キューブリック未完の『ナポレオン』伝記映画、スピルバーグがHBOで全7話のTVシリーズとして製作中

20世紀の巨匠スタンリー・キューブリック監督が長年に渡って企画していた、ナポレオン伝記映画プロジェクト『Napoleon(仮題)』がついに本格的に動きだしたようだ。間もなく最新作『フェイブルマンズ』が日本公開を迎えるスティーブン・スピルバーグ監督が本プロジェクトをHBOのドラマシリーズとして製作を進めていると、ベルリン国際映画祭のインタビューにて明かしている。

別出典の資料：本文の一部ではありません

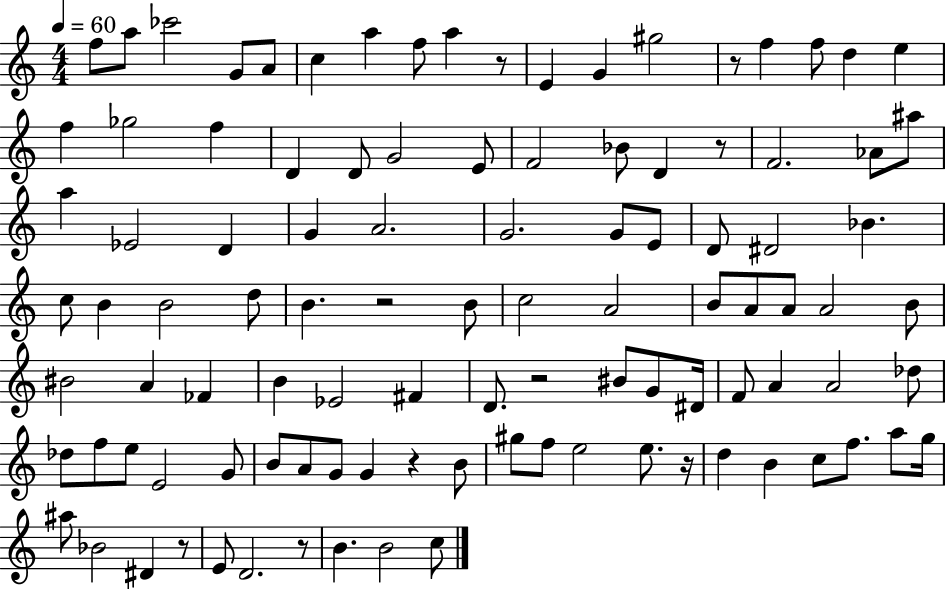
F5/e A5/e CES6/h G4/e A4/e C5/q A5/q F5/e A5/q R/e E4/q G4/q G#5/h R/e F5/q F5/e D5/q E5/q F5/q Gb5/h F5/q D4/q D4/e G4/h E4/e F4/h Bb4/e D4/q R/e F4/h. Ab4/e A#5/e A5/q Eb4/h D4/q G4/q A4/h. G4/h. G4/e E4/e D4/e D#4/h Bb4/q. C5/e B4/q B4/h D5/e B4/q. R/h B4/e C5/h A4/h B4/e A4/e A4/e A4/h B4/e BIS4/h A4/q FES4/q B4/q Eb4/h F#4/q D4/e. R/h BIS4/e G4/e D#4/s F4/e A4/q A4/h Db5/e Db5/e F5/e E5/e E4/h G4/e B4/e A4/e G4/e G4/q R/q B4/e G#5/e F5/e E5/h E5/e. R/s D5/q B4/q C5/e F5/e. A5/e G5/s A#5/e Bb4/h D#4/q R/e E4/e D4/h. R/e B4/q. B4/h C5/e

『Napoleon』は、キューブリックが『2001年宇宙の旅』の次回作として準備していた未完の映画。『2001年宇宙の旅』のポスト・プロダクション(撮影後作業)の時点ですでに構想は存在しており、ナポレオンの栄枯盛衰を綴る伝記映画として進めていた。主演をジャック・ニコルソンに据え、撮影も目前に控えていたが、製作スタジオの米MGMが打ち切りを発表し、幻に終わっていたのだ(同時期に同題材を基にした映画『ワーテルロー』が興行的失敗に終わったことが一因とされる)。
過去には『007/ノー・タイム・トゥ・ダイ』(2021)のキャリー・フクナガ監督が企画の進行を試みていたこともあったが、明確な進捗は見られなかった。この幻の企画は、鬼才テリー・ギリアム監督も挑戦したものの頓挫した経緯がある。そしてこの度、名監督スピルバーグが企画の進捗を明言した。
「クリスティアーヌ・キューブリック(キューブリック監督の妻)とジャン・ハーラン(キューブリック作品を多数手がけたプロデューサー)の協力を得て、スタンリーのオリジナル脚本『Napoleon』をベースにHBO向けの大規模な製作に取り掛かっています。全7話のリミテッドシリーズで『Napoleon』を製作します。」
これには報道陣からも拍手やどよめきが起こっている。スピルバーグは2013年にも仏メディアに『Napoleon』の脚本を開発していることを明かしていたが、キューブリック脚本の翻案として実現する運びになった。
キューブリックとスピルバーグの縁と言えば『A.I.』だ。これは、原案キューブリックの逝去後にスピルバーグが監督し、2001年に公開に漕ぎ着けた作品である。
『Napoleon』でスピルバーグがどの立ち回りを担うのかは定かでない。直近ではTVシリーズに関心があるとコメントしていたこともある。なお米Deadlineによると、企画はまだ開発段階であるものの、シリーズ受注に近づいているところだという。
ナポレオンを題材にした作品と言うと、リドリー・スコット監督、ホアキン・フェニックス主演の新作映画『Napoleon(原題)』が 2023年春、Apple TV+にて配信予定だ。もしもキューブリックがナポレオンを映画化していたら、ナポレオン・ボナパルトの「誕生から死まで」を描いていただろうと思うと回答していたスコット。スピルバーグがキューブリックから引き継いだ本作『Napoleon』との違いを見比べるのも一興だろう。